As Once-Mighty Politician Gets Prison, Albany Moves On

By | May 5, 2016

As former New York Assembly Speaker Sheldon Silver was being sentenced to 12 years in prison for corruption, many of the politicians he once served with were passing legislation to outlaw commercial bass fishing in the Hudson River.

Significant proposals to address the Capitol’s chronic corruption problem weren’t on the agenda, and probably won’t be anytime soon.

Many lawmakers seemed eager just to turn the page on Silver, the often-inscrutable backroom dealer who controlled nearly every major piece of legislation during the past 21 years.

“It’s the ending of a dark chapter for the Assembly,” said Silver’s successor, Speaker Carl Heastie, a Bronx Democrat. “And I guess we have to get back to life.”

The 72-year-old Silver was convicted last year in a $5 million corruption case alleging he traded favors to enrich himself. He’s one of more than 30 New York lawmakers — including six legislative leaders — who have left office since 2000 facing criminal or ethical allegations.

A Siena College poll released Tuesday found that 97 percent of New Yorkers think lawmakers and Gov. Andrew Cuomo should address corruption before adjourning the 2016 legislative session in June. But two-thirds said they are pessimistic that will happen.

Meanwhile, another top lawmaker — former GOP Senate leader Dean Skelos of Long Island is set to be sentenced later this month after being convicted last year of using his position to arrange payments and a job for his son. And Cuomo’s administration is again being investigated by federal prosecutors, who this time are looking into whether one of the governor’s former top aides accepted payments from companies with business before the state.

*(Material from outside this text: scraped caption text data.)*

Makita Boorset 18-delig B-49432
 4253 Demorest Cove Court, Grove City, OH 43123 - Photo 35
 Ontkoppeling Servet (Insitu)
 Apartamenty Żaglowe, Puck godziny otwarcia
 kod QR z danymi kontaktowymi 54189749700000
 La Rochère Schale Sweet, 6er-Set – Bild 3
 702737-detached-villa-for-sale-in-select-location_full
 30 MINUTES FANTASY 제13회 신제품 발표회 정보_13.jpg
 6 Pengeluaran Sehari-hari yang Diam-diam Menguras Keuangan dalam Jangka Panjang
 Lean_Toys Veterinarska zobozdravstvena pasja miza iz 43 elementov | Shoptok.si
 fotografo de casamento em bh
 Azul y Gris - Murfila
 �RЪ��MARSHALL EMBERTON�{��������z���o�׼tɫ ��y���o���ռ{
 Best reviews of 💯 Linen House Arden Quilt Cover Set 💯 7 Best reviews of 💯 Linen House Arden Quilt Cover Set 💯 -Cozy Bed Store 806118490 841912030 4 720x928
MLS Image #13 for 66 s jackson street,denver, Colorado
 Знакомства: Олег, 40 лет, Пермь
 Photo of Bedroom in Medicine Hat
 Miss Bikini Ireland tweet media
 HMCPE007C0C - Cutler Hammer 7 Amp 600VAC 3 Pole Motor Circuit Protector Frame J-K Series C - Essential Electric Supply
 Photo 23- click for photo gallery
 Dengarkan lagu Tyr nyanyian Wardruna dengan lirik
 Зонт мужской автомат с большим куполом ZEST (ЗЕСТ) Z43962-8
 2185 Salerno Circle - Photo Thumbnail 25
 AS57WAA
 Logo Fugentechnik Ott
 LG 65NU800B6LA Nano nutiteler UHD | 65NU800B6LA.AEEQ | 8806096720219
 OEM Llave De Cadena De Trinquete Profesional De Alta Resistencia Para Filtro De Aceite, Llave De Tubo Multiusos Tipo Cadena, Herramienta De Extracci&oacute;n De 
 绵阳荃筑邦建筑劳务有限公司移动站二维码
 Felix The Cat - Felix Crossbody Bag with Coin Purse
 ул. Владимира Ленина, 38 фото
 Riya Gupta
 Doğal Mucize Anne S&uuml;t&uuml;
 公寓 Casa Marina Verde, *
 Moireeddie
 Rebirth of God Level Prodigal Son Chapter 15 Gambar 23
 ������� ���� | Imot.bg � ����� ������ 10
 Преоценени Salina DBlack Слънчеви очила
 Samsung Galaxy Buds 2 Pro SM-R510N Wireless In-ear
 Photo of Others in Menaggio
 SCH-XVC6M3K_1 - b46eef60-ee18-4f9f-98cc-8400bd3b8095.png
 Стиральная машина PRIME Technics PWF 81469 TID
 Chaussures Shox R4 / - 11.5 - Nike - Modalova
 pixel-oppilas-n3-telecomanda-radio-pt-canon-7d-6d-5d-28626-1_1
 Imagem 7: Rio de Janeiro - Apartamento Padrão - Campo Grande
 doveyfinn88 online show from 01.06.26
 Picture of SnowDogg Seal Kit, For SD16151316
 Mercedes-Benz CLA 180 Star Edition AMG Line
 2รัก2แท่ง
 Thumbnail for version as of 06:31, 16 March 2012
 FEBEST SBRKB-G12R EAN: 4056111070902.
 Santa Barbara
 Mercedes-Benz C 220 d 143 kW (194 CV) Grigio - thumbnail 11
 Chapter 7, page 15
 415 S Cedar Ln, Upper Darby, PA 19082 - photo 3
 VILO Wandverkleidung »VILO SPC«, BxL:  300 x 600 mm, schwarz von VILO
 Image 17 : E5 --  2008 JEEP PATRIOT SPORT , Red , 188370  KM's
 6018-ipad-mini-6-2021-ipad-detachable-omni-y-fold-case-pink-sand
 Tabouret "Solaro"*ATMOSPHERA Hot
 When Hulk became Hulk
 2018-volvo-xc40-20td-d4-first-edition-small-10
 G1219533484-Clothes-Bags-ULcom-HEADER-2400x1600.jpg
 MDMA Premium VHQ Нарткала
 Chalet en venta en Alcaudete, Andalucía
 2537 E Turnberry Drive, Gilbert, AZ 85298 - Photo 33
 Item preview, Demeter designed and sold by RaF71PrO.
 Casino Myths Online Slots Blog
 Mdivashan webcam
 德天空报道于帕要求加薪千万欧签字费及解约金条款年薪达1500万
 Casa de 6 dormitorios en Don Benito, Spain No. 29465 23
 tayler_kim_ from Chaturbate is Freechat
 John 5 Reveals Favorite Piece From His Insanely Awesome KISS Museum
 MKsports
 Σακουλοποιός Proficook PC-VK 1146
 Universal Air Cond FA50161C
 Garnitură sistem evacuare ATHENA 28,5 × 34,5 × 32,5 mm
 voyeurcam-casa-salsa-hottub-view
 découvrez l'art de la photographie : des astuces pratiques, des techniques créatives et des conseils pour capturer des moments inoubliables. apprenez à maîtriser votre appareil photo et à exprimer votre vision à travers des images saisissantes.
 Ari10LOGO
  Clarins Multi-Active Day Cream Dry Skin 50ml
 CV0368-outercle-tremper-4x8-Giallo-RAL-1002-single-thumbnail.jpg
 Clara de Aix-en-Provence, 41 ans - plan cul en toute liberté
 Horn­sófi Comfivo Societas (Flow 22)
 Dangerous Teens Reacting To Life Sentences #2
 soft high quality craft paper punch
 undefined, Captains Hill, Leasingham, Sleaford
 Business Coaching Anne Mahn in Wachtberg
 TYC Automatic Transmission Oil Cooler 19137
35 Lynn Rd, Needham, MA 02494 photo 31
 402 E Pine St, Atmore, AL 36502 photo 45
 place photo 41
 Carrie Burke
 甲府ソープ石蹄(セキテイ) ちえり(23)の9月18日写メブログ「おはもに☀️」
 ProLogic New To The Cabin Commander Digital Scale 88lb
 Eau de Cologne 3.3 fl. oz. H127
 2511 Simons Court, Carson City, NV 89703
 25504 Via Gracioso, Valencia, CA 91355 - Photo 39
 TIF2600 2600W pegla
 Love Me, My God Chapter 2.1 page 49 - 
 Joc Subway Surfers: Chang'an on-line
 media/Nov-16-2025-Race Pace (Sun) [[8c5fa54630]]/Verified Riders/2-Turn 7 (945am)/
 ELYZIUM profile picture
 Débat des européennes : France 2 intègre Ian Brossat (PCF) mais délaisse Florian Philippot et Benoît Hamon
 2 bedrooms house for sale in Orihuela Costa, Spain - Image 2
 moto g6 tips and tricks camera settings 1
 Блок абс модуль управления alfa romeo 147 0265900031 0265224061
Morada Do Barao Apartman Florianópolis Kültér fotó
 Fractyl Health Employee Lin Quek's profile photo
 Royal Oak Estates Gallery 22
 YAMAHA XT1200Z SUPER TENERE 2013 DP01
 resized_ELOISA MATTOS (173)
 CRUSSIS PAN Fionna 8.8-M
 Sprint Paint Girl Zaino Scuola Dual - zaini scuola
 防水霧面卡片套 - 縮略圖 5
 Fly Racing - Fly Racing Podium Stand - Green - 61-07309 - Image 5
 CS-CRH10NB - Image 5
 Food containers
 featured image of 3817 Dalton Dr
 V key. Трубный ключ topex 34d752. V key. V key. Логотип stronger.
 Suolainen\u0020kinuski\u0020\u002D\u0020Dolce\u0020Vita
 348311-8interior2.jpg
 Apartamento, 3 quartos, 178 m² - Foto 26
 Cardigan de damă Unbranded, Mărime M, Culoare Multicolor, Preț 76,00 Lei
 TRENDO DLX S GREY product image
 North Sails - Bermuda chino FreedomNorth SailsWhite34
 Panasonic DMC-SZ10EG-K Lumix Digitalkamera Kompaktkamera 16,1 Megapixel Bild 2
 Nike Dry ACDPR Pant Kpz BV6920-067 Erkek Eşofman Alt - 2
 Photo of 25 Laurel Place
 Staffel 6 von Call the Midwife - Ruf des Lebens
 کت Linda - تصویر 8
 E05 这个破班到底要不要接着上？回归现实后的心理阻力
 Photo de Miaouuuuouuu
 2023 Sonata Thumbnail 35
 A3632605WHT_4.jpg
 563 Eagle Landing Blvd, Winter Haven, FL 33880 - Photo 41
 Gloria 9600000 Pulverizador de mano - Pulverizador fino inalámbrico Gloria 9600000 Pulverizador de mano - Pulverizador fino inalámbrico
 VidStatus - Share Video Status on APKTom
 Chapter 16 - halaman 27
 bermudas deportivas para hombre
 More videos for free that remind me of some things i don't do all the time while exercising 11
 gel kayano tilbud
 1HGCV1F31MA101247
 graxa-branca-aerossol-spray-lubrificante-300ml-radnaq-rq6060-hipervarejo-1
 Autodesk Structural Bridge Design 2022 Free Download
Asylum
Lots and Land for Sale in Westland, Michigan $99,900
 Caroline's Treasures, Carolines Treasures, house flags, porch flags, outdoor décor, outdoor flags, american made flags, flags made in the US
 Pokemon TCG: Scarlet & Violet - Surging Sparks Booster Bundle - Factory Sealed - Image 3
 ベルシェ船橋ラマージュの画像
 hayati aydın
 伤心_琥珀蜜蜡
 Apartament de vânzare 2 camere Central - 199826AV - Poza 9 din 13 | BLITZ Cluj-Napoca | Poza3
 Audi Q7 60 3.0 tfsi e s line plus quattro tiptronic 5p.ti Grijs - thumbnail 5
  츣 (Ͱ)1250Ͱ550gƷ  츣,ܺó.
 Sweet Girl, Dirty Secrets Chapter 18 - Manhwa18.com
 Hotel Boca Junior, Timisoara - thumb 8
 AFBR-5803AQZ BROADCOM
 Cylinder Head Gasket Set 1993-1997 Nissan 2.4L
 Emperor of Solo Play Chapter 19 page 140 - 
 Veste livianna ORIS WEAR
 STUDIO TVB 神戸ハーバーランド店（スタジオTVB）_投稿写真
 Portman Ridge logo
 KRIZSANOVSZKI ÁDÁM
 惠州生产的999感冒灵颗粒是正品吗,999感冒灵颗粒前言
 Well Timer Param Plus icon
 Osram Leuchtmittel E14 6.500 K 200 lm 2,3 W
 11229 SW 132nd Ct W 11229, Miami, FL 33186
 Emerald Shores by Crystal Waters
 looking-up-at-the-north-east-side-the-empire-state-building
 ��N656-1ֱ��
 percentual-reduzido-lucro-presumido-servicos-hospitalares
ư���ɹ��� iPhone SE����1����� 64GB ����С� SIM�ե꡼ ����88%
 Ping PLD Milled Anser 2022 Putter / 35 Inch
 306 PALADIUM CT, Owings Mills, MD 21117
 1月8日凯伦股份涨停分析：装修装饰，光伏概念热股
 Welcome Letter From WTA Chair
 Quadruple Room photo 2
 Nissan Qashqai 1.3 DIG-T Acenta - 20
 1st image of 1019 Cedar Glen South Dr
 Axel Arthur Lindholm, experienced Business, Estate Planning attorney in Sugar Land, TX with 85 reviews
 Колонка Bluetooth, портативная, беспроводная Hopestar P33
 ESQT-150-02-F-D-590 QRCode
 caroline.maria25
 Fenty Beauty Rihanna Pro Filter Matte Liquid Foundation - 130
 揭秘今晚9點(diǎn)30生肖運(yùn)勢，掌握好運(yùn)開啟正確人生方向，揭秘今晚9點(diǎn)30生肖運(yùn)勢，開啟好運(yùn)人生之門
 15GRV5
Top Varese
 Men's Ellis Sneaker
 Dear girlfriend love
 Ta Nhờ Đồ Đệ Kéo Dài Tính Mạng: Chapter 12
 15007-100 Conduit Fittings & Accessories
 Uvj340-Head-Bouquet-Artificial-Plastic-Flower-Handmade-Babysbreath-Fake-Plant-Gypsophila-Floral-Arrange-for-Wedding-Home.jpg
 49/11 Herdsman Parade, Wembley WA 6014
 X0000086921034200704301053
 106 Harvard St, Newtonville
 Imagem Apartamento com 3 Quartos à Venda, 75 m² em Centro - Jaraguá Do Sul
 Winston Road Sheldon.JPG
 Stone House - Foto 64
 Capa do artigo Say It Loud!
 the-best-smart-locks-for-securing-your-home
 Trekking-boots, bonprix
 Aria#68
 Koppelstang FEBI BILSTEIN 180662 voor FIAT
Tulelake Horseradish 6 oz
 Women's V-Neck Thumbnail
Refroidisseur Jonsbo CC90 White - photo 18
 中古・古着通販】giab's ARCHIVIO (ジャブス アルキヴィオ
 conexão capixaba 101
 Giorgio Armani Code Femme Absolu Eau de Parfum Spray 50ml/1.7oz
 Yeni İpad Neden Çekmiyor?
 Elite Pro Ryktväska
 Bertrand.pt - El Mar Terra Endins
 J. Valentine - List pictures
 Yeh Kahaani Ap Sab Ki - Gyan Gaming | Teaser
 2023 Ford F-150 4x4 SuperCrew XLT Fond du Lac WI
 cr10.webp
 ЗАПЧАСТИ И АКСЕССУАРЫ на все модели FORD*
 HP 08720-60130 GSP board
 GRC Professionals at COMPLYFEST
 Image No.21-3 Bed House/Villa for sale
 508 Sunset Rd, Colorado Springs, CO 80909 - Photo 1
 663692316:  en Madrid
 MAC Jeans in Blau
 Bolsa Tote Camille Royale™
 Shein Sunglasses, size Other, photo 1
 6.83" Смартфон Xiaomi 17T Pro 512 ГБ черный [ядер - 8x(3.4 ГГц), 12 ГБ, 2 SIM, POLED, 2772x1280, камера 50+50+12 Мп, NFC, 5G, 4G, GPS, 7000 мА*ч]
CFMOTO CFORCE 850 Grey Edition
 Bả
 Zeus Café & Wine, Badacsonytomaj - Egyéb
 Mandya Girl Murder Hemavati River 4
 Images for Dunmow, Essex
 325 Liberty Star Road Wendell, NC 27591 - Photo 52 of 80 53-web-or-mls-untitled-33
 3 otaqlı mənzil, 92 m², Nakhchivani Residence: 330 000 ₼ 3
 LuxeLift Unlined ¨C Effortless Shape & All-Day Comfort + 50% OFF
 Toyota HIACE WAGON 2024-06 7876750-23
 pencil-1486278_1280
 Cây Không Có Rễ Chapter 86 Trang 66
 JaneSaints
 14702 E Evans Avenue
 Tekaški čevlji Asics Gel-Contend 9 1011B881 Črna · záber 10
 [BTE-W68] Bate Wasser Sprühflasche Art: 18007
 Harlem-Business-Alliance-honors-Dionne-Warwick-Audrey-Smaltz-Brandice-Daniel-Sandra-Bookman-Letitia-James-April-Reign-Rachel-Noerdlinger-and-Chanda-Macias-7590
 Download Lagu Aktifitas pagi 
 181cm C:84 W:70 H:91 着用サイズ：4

“Someone please make it stop,” said Blair Horner of the New York Public Interest Research Group, one of several organizations that have suggested reforms, including tighter campaign finance rules and restrictions on how much lawmakers can make from outside sources. “The half-measures, they’re not doing the trick.”

Cuomo has said ethics is his top priority for the session’s remainder but the Assembly and Senate remain deadlocked over significant proposals. Last year, ethics was said to be a priority as well, but only modest reforms were passed.

Several Assembly Democrats declined to discuss the sentencing of Silver, a Manhattan Democrat first elected in 1976. Some Assembly Republicans, however, took grim pleasure in Silver’s downfall.

“After years of stealing from taxpayers and living a life of crime, Sheldon Silver will finally be doing something productive for New Yorkers — stamping license plates,” said Assemblyman Dave McDonough, R-Long Island.

Tuesday saw the Legislature’s return following a three-week spring break. Four new legislators were sworn-in following last month’s special elections. They include Assemblywoman Alice Cancel, D-Manhattan, who replaces Silver, and Sen. Todd Kaminsky, D-Long Island, who succeeds Skelos.

Kaminsky, a former prosecutor, said his constituents are tired of excuses when it comes to dealing with corruption.

“People don’t care who is in power,” he said. “People want results.”